▶ [Provided data]:
────

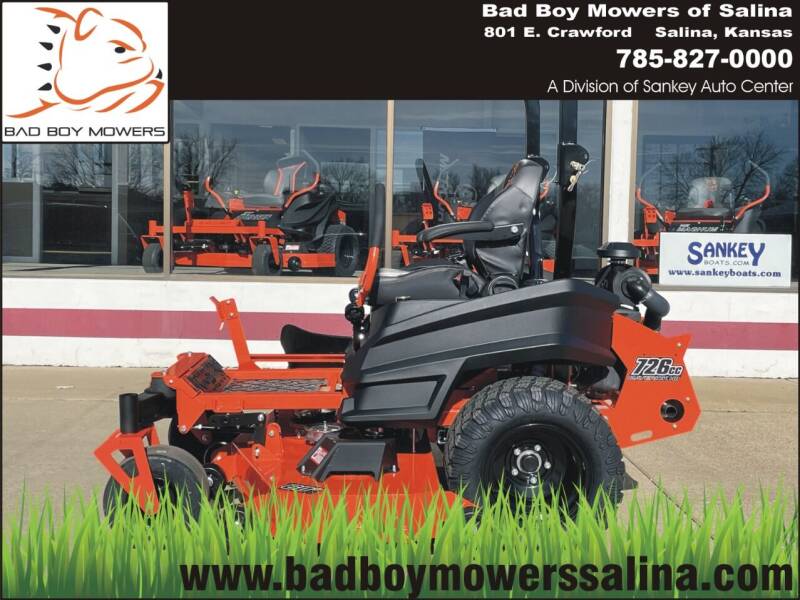  Bad Boy Maverick HD 60  #7364 for sale at Bad Boy Mowers Salina in Salina KS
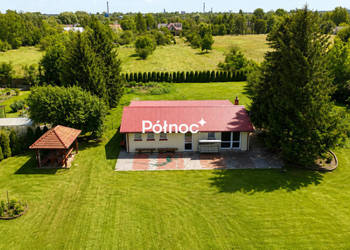 Parterowy dom przy ul. Judyma 30arów działki!
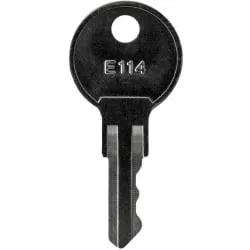 TEMCA Schlüssel für Edelstahl- und Metallspender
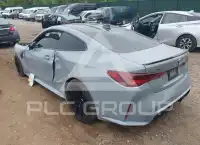 2023 BMW M4 фото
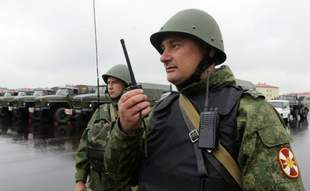 Генерал рф Калупин пойдет под суд за пытки, убийства и разгоны протестов на Херсонщине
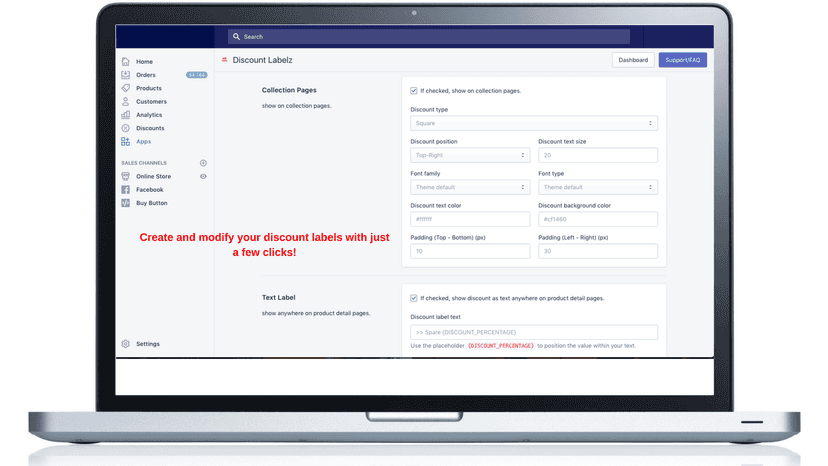 Shopify_App-APPSYL-Apps_You_Love-Discount_Labelz-Create-Disoun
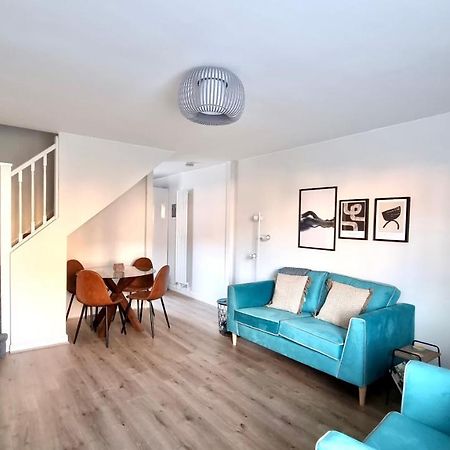 Quay House By Switchback Stays With Free Parking Кардифф Экстерьер фото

────

▶ [Problem description]: The lines to write out run from the one containing "Parterowy dom przy" through the final line of the material above, both included; write them out exactly, with no pictures.

▶ [Answer]:
 Parterowy dom przy ul. Judyma 30arów działki!
 TEMCA Schlüssel für Edelstahl- und Metallspender
 2023 BMW M4 фото
 Генерал рф Калупин пойдет под суд за пытки, убийства и разгоны протестов на Херсонщине
 Shopify_App-APPSYL-Apps_You_Love-Discount_Labelz-Create-Disoun
 Quay House By Switchback Stays With Free Parking Кардифф Экстерьер фото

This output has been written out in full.